All of these people issuing their judgments on the gming styles of others (regardless of whether they work or not) is entertaining to see and frustrating to be subject to. I don't want to gm under their rules of entitlement. So I don't. They cannot prove their argument as any sort of fact, only personal opinion based on their personal preference. Yet, this seems enough to warrant a universal label to all those who don't follow their belief system. Didn't realize this was Sunday church.

Being told I am a not very nice person because I don't do a particular thing in a particular way that a few people would prefer I do those things can be really aggravating when those people in other respects present themselves as intelligent and able minded individuals who can understand how that view is entirely wrong, narrow-minded and limiting.

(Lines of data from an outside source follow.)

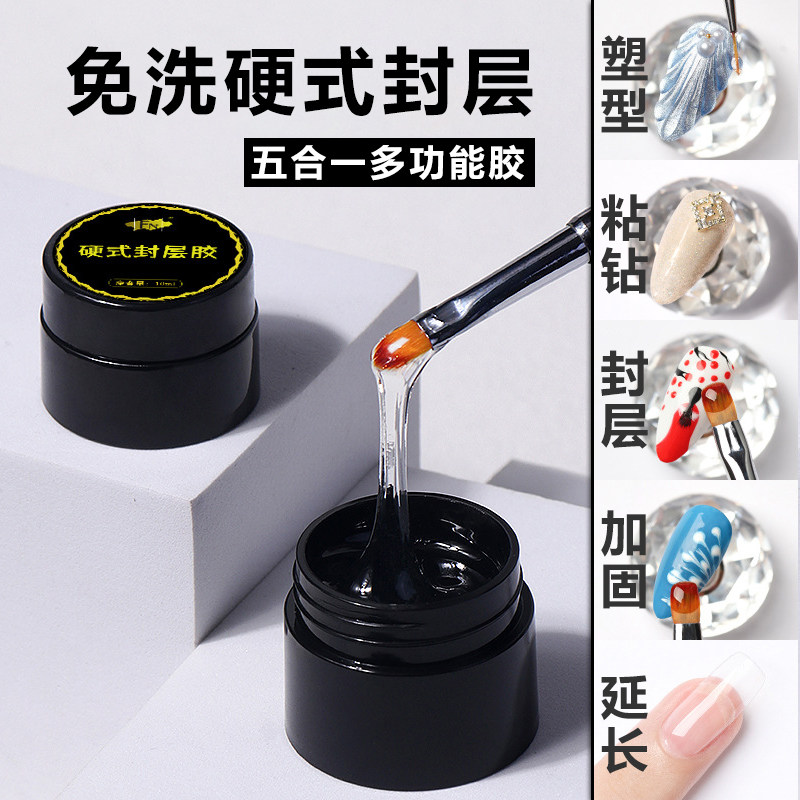 美甲专用免洗硬式封层4合1功能胶免洗粘钻胶加固塑形水波纹甲10g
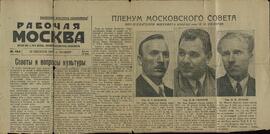"Trabajadores de Moscú" (Komárov), 12 de Agosto de 1937
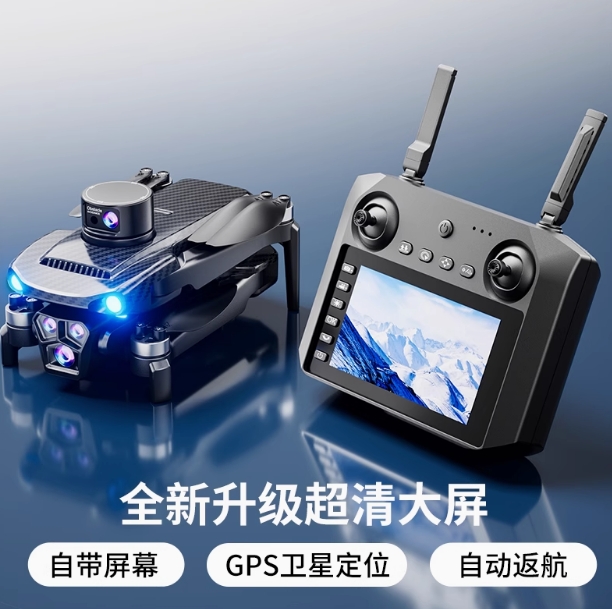 诺巴曼无人机六一儿童节礼物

But as I described in my example a couple of posts up- sometimes you just can't get someone to see something, accept something or understand something, despite however much logic, reasonable discourse or fairness is given.

Apparently, though, it is not enough for some people to let other people do and enjoy things in the way they do and enjoy them. They want their flavor to be the flavor of your pie because they like that flavor-in this case it doesn't seem to matter much to them if you or anyone else likes it or not.

But it won't stop me from surprising a party with repeated night encounters that start with rust monsters eating their unattended gear followed by imperial soldiers chasing the monsters down and running into the PC's who are now weaponless and who were fleeing such province for being wanted for crimes they didn't commit. I do that crap. I do it intentionally. I make unfair encounters and then villains who can be bullied around by the pc's. I have dragons that are cake walks and gargoyles that will tpk. My players don't give me flak for these things and don't call me a douche. But they do call me. They call me to ask me when the heck will I...

Agreed.

Without the challenge, without the danger, without the unexpected twists and turns, whats the point?

I might as well go play God of War on easy mode.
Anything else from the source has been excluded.